Aim of the task
Retype the material that follows exactly, limited to the lines from the one with "carpeted bedroom with" through the one with "Tradizionale souvenir siciliano, Trinacria", and keep out all pictures.

Input records

# # # # # # #

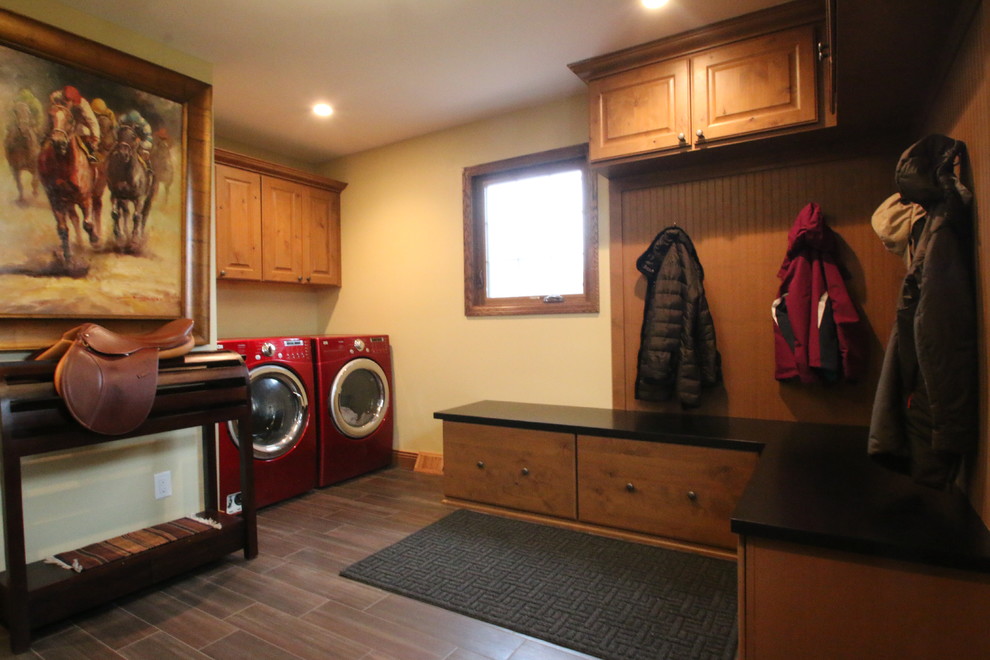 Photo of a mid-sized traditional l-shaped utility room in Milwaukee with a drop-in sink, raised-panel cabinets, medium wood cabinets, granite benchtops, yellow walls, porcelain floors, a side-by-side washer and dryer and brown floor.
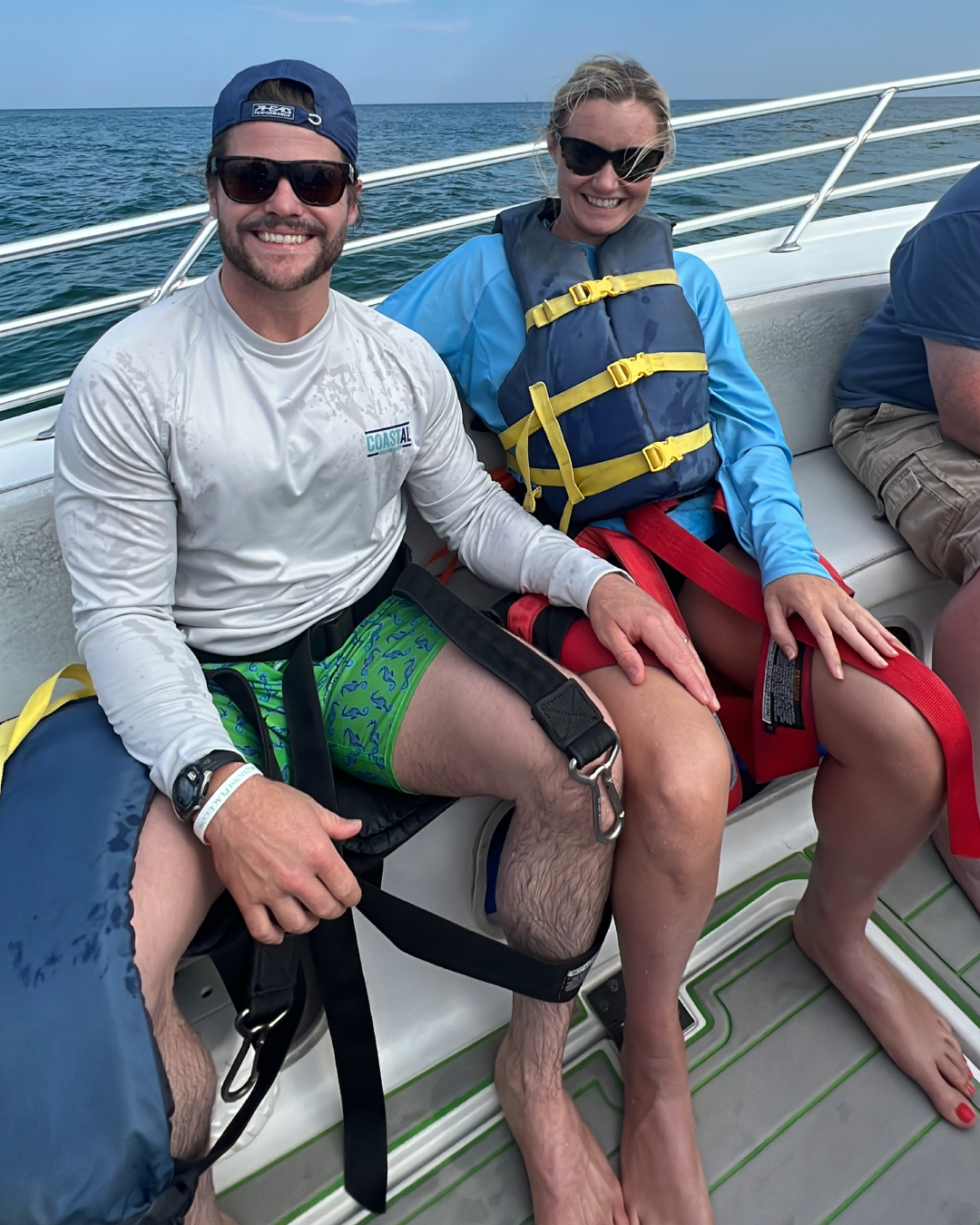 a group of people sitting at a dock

# # # # # # #

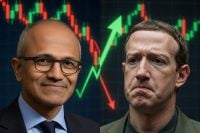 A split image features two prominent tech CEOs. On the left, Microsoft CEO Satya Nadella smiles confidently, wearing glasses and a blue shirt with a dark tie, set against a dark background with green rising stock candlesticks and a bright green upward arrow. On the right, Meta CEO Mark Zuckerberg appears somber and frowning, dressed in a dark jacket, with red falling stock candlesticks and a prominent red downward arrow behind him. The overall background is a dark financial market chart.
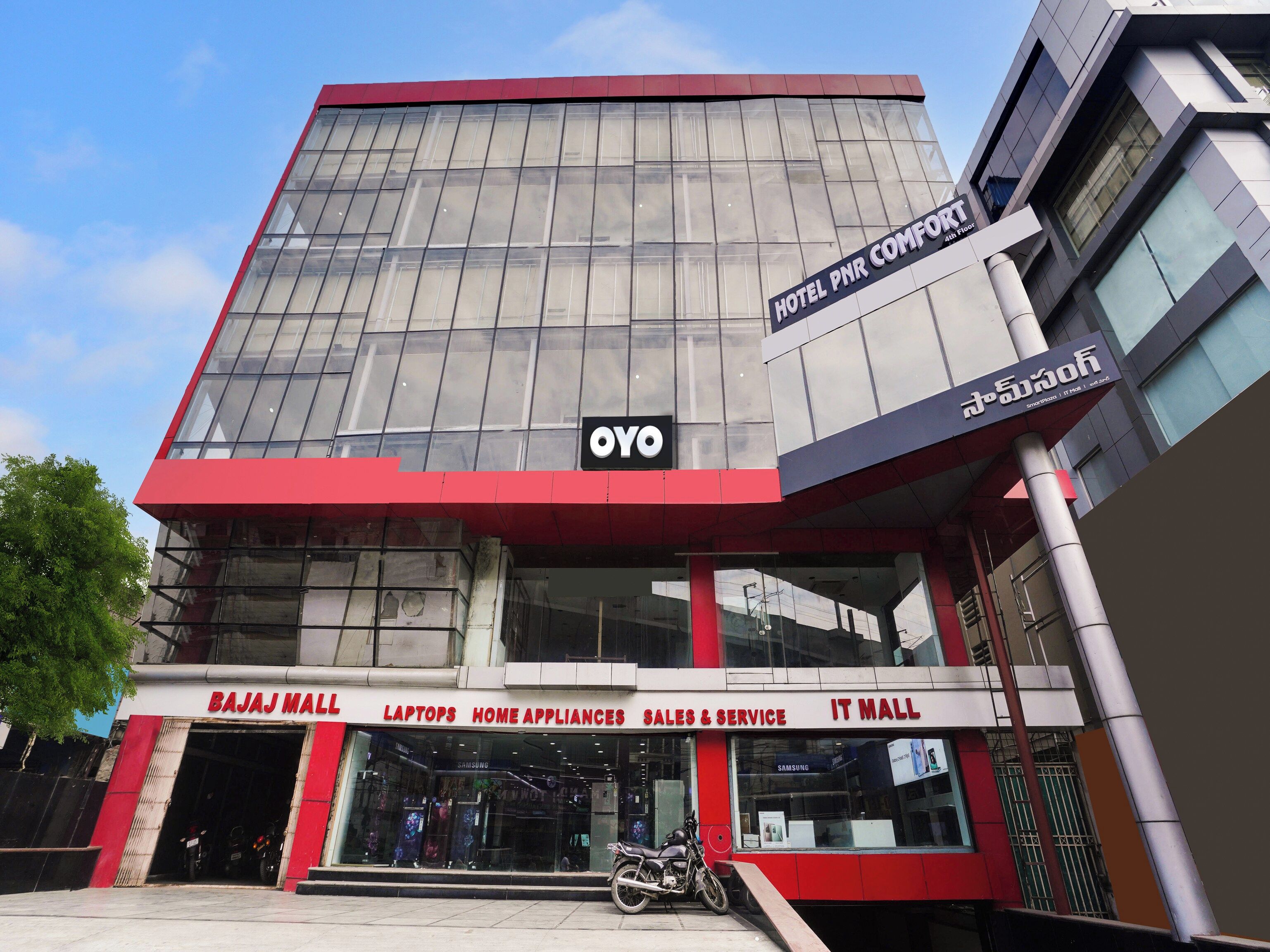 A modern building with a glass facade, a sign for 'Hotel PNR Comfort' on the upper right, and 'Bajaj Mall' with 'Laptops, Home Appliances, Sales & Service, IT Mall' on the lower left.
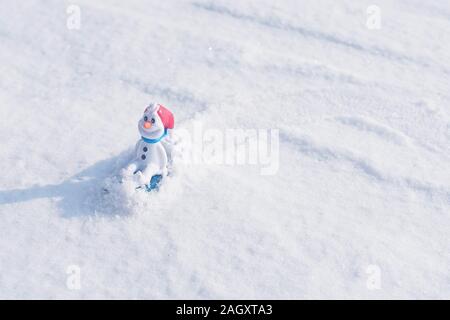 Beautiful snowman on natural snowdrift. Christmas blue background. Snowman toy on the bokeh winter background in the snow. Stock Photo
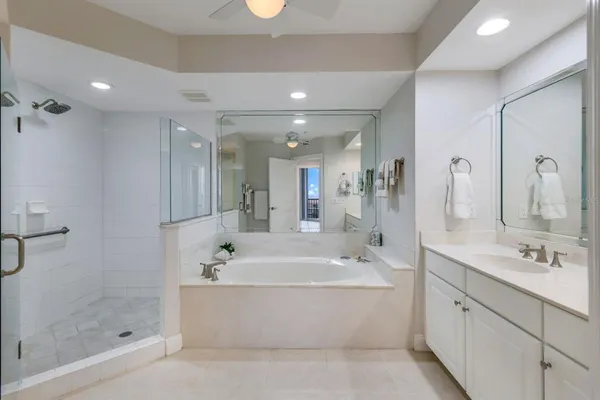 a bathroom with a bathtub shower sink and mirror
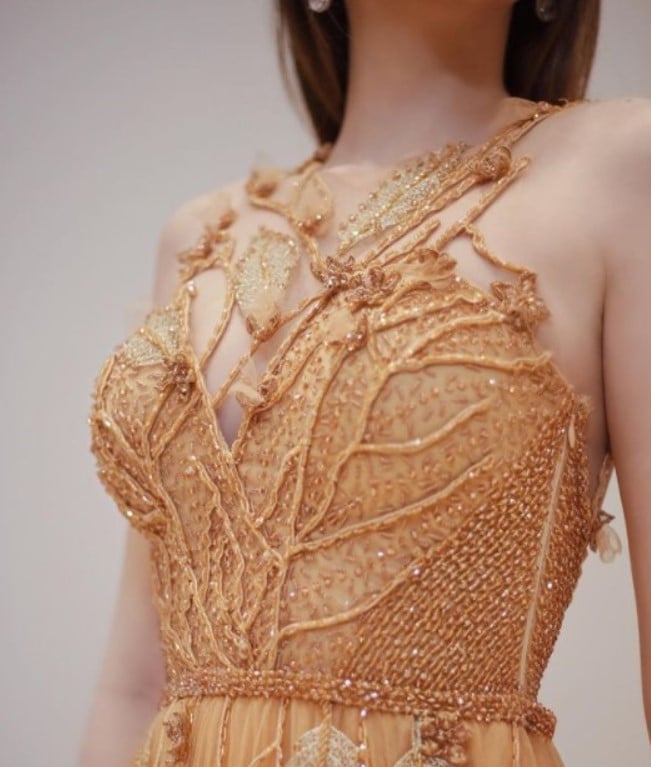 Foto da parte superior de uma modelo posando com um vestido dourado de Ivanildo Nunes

# # # # # # #

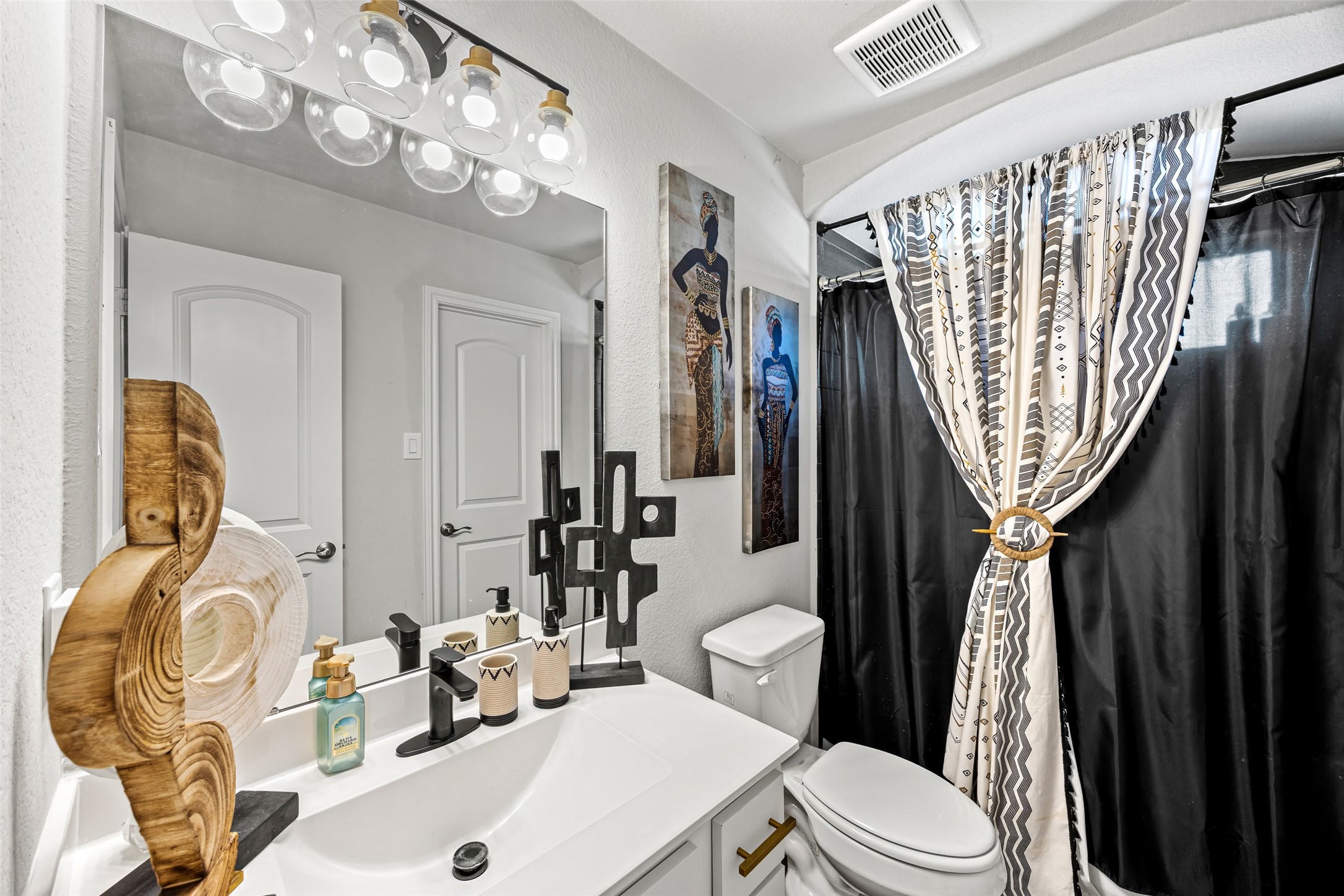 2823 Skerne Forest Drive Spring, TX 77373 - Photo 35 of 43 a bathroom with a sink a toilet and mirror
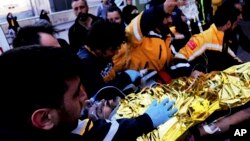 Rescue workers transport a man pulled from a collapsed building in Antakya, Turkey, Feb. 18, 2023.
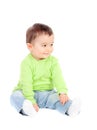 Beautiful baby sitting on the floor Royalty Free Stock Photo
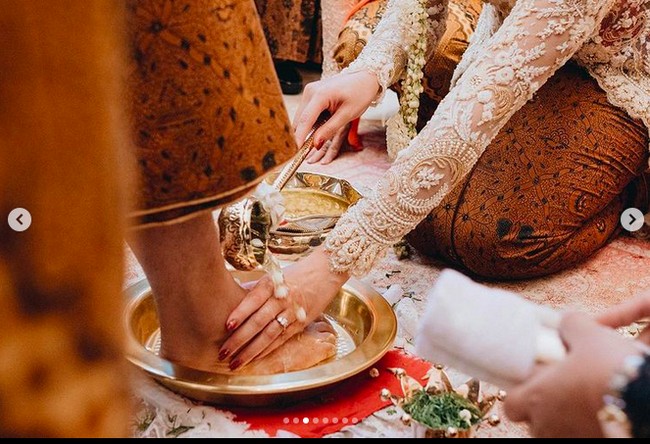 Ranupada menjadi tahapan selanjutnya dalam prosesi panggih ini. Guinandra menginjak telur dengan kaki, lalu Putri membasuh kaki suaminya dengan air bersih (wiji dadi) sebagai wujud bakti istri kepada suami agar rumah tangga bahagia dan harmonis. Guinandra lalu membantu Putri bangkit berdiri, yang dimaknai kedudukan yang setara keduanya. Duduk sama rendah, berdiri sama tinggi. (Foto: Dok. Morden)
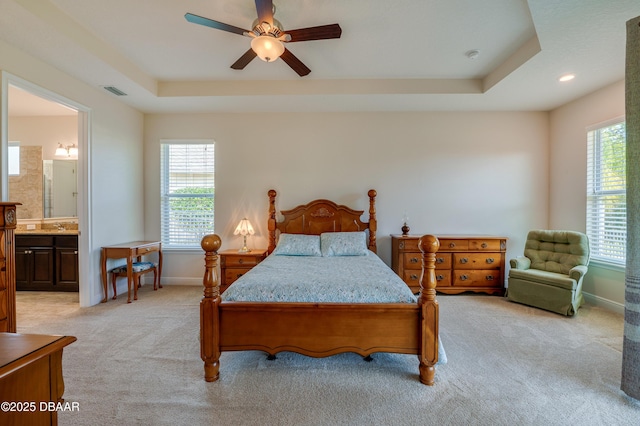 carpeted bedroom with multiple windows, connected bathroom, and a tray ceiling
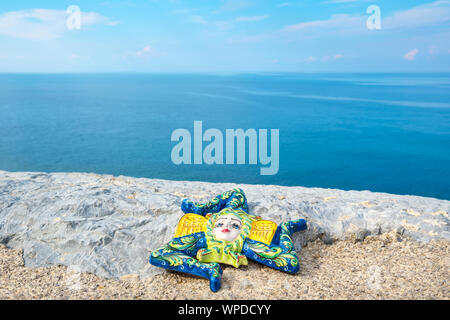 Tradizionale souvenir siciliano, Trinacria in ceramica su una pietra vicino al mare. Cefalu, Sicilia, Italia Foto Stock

# # # # # # #

Output of the exercise
 carpeted bedroom with multiple windows, connected bathroom, and a tray ceiling
 Tradizionale souvenir siciliano, Trinacria in ceramica su una pietra vicino al mare. Cefalu, Sicilia, Italia Foto Stock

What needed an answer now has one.